Getting cell and gene embeddings
Hi,
Given a Anndata object as input, how can I run it through you pre-trained model and get cell and gene embeddings?
I tried figuring it out from the notebooks but getting errors in loading your example dataset and the model. Maybe I will post those separately.
Thanks!
Thank you for your interest in Geneformer. Please see the following two closed issues:
Regarding using Anndata: https://huggingface.co/ctheodoris/Geneformer/discussions/4
Regarding how to obtain embeddings: https://huggingface.co/ctheodoris/Geneformer/discussions/27
Update:
@abayegan
We have now added a function to extract and plot cell embeddings. Please see example here:
https://huggingface.co/ctheodoris/Geneformer/blob/main/examples/extract_and_plot_cell_embeddings.ipynb
Thanks very much for the links. I have two follow-up questions regarding the gene embeddings:
- In the paper, it is mentioned that you have obtained the second to last layer for the gene embeddings which contains 2048 tokens. I assume this list of 2048 tokens is different for each single cell and I would like to obtain the list of genes and their weights for each cell. Would it be right to use the geneformer.tokenizer object to map these tokens to Ensembl ids for each cell or am I missing sth?
- Have you compared the weights from model.bert.embeddings.word_embeddings.weight? This give a weight to every single gene instead of only 2048. Have you tried this for building the cell embeddings?
Thank you for your question. Please see the manuscript Methods sections "Gene Embeddings" and "Cell Embeddings" to understand these methods.

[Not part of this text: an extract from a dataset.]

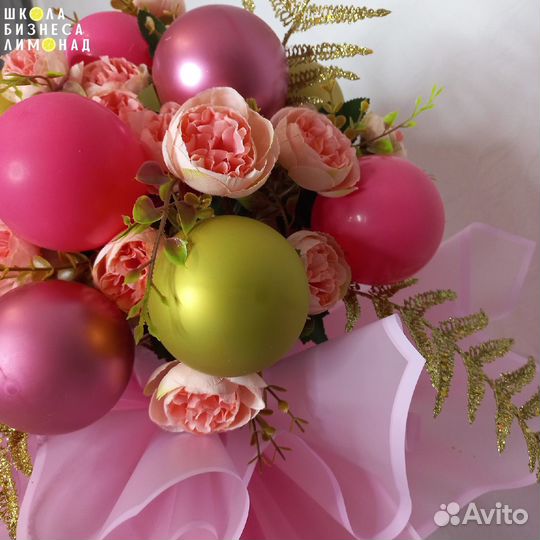 Гелиевые шары Большой Улуй Ачинск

Briefly, gene embeddings are 256 dimensions for each gene, so a cell with 2048 genes would have gene embeddings output of 2048x256 (or a cell with 2030 genes would have gene embeddings output of 2030x256). If a different cell has different genes, it will have a different set of embeddings - the embeddings are unique to each gene in each context (they are context-aware embeddings). Gene embeddings are analogous to word embeddings in NLP. Cell embeddings are a composite of the gene embeddings in that cell, so for 1 cell, the initial 2048x256 will be averaged across the gene dimension to become the shape 1x256. Cell embeddings are analogous to sentence embeddings in NLP.
Thank you for your model!
I'm currently trying to analyze the cell embedding and I'm not sure I understand the extraction of cell embedding correctly.
The last layer I got from the pre-trained model should be a batch_size x 2048 x 256 matrix, right? So I need to average across gene dimension to get a matrix of batch_size x 256. I'm wondering do the dimension of gene still represent the input length? Since in the input if a cell got less gene than 2048, there will be padding filled into the input.
In other words, do we add numbers in the gene dimension and divide by 2048 or we should add numbers in the gene dimension and divide by the number of gene that cell actually has(for example, maybe we only detect 2000 genes in that cell and we should divide the result by 2000)
Thank you for your question. Yes, you can remove the padding prior to averaging the embedding. Please see the update in the initial response above as we have now added a function to extract and plot cell embeddings.